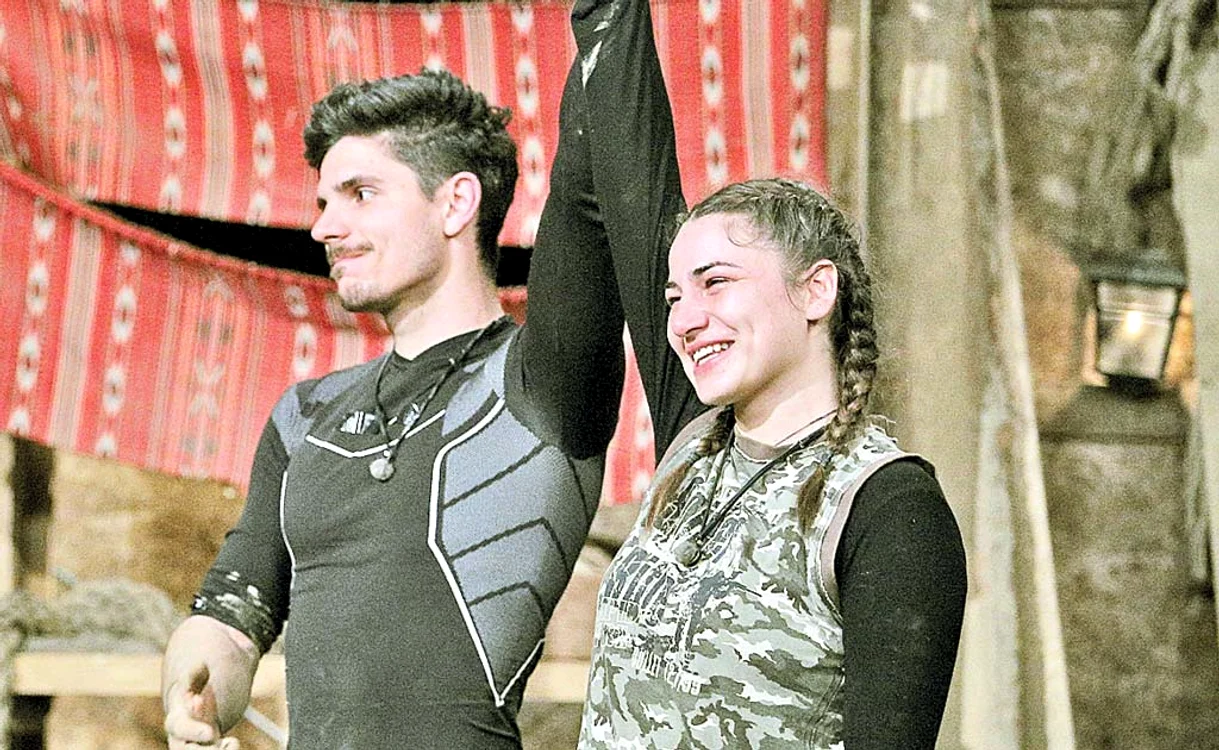 
    Diana a părăsit  competiţia cu  lacrimi în ochi  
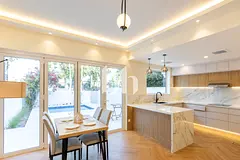 Twin Townhouse | Unfurnished | 2 Parking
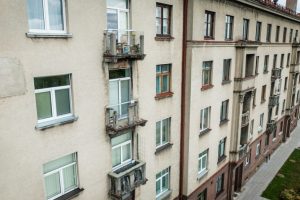 Aliarmas dėl Kauno centre griūvančio daugiabučio: kas bus, jei gyventojai nieko nedarys?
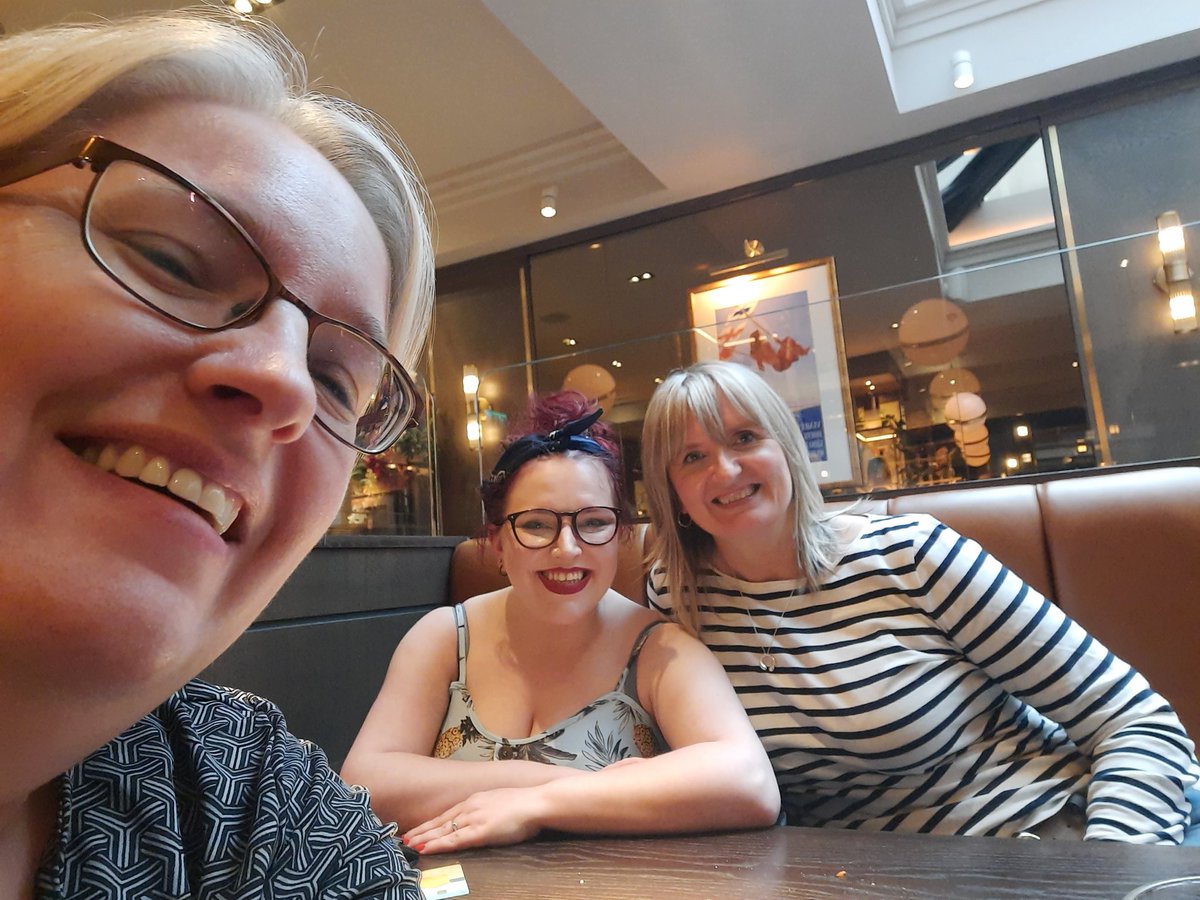reidmrd1_reid's tweet photo. #HRCafe on tour!  Trip to Glasgow to meet these beauties @SharonGChiara @DiamondKirsty_ 🥰  Fab to meet in real life after meeting on zoom during lockdown. https://t.co/VnLk923kyo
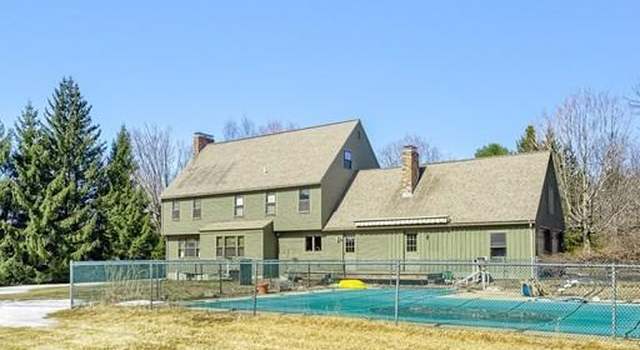 Photo of 61 Hickory Dr, Princeton, MA 01541
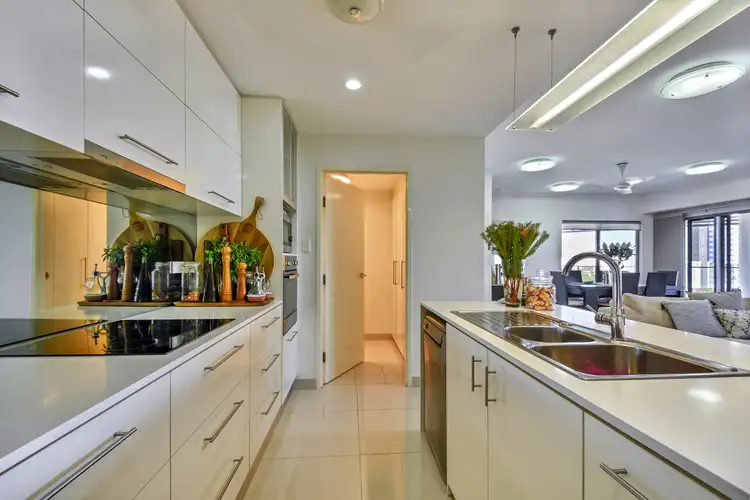 Fifth view of Homely unit listing, 10/130 Smith Street, Darwin City NT 800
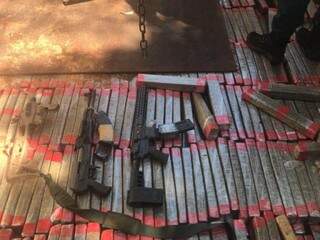 Fuzis, adaptador para pistola e tabletes de maconha encontrados em fundo falso de caminhão (Foto: Divulgação)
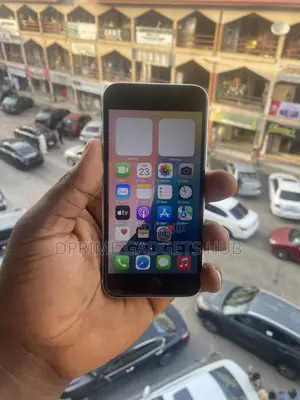 Apple iPhone SE 128 GB White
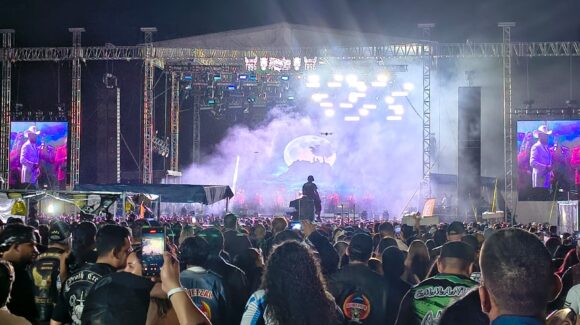Lleno total en la Semana de la Moto durante la segunda noche de actividades en Mazatlán
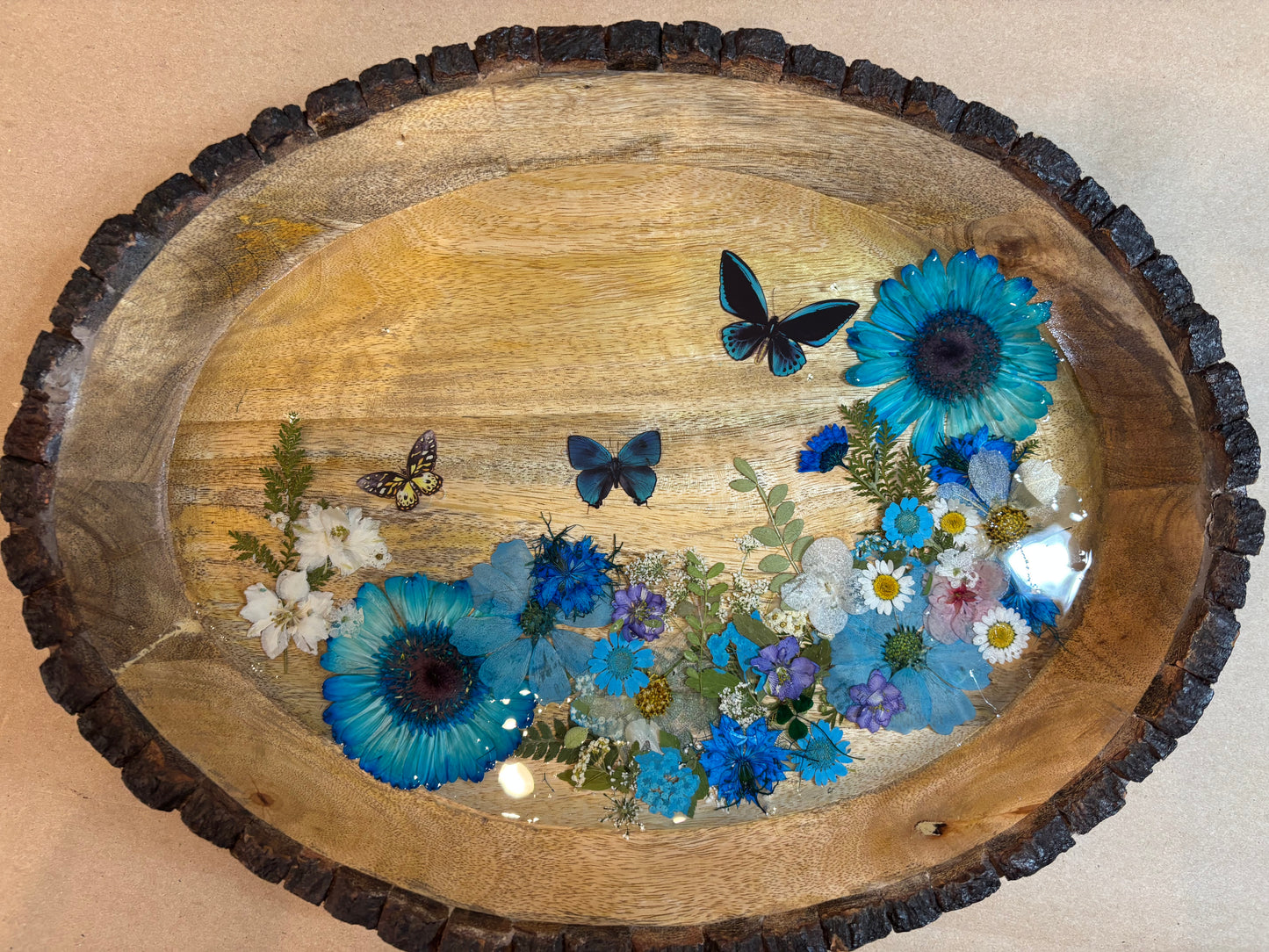 Customize Tray With Resin & Dried Flower EVENT Saturday 11/15/25 10:00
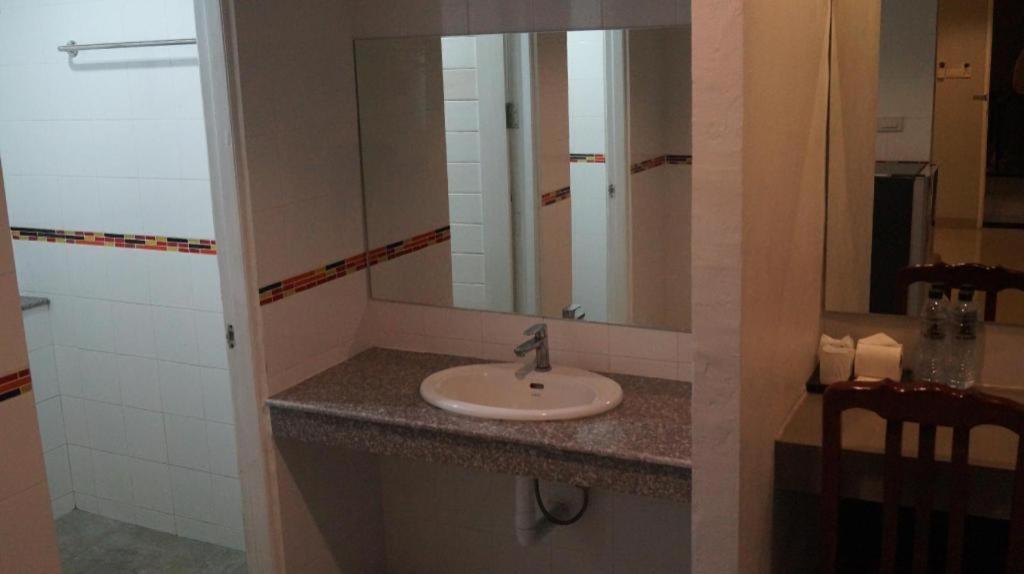 P.F Mansion Hotel Bãi biển Chaweng Ngoại thất bức ảnh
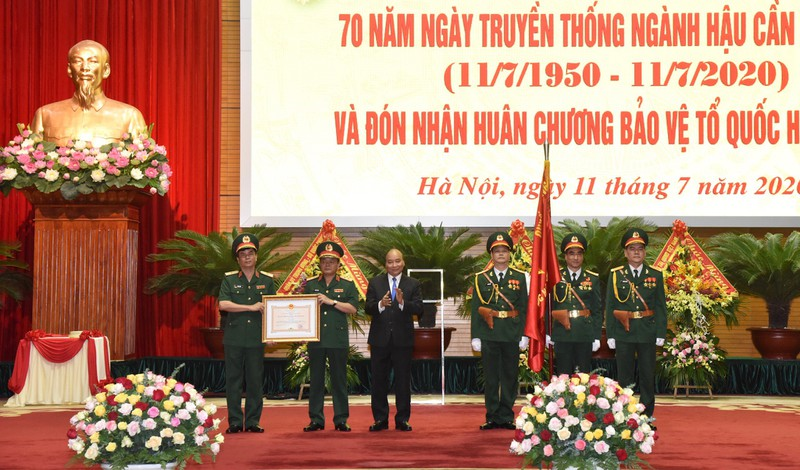 THỜI SỰ 12H TRƯA 11/7/2020: Thủ tướng Nguyễn Xuân Phúc dự kỉ niệm 70 năm Ngày truyền thống ngành Hậu cần Quân đội.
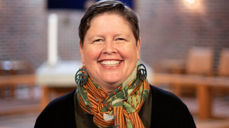 – Det er et privilegium som prest å få lov til å komme nært innpå mennesker og deres liv, sier Marianne Kleppe-Chung. Foto: Lura menighet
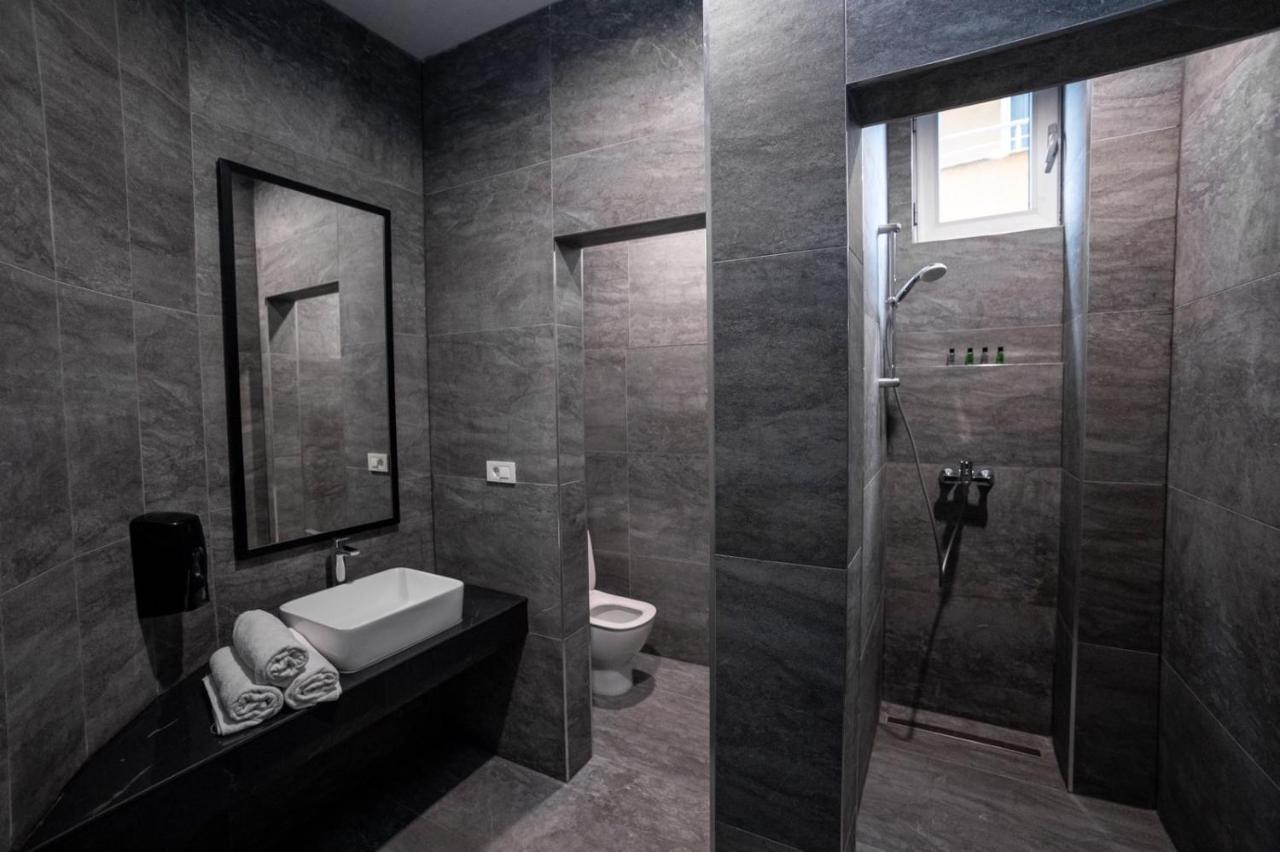Griffon Bar Food Apartments 斯特鲁加 外观 照片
+++
Only the lines from the line with "THỜI SỰ 12H" through the end of the entries above, copied exactly and with both ends included, belong in the response; the pictures do not.

**Task response**
 THỜI SỰ 12H TRƯA 11/7/2020: Thủ tướng Nguyễn Xuân Phúc dự kỉ niệm 70 năm Ngày truyền thống ngành Hậu cần Quân đội.
 – Det er et privilegium som prest å få lov til å komme nært innpå mennesker og deres liv, sier Marianne Kleppe-Chung. Foto: Lura menighet
Griffon Bar Food Apartments 斯特鲁加 外观 照片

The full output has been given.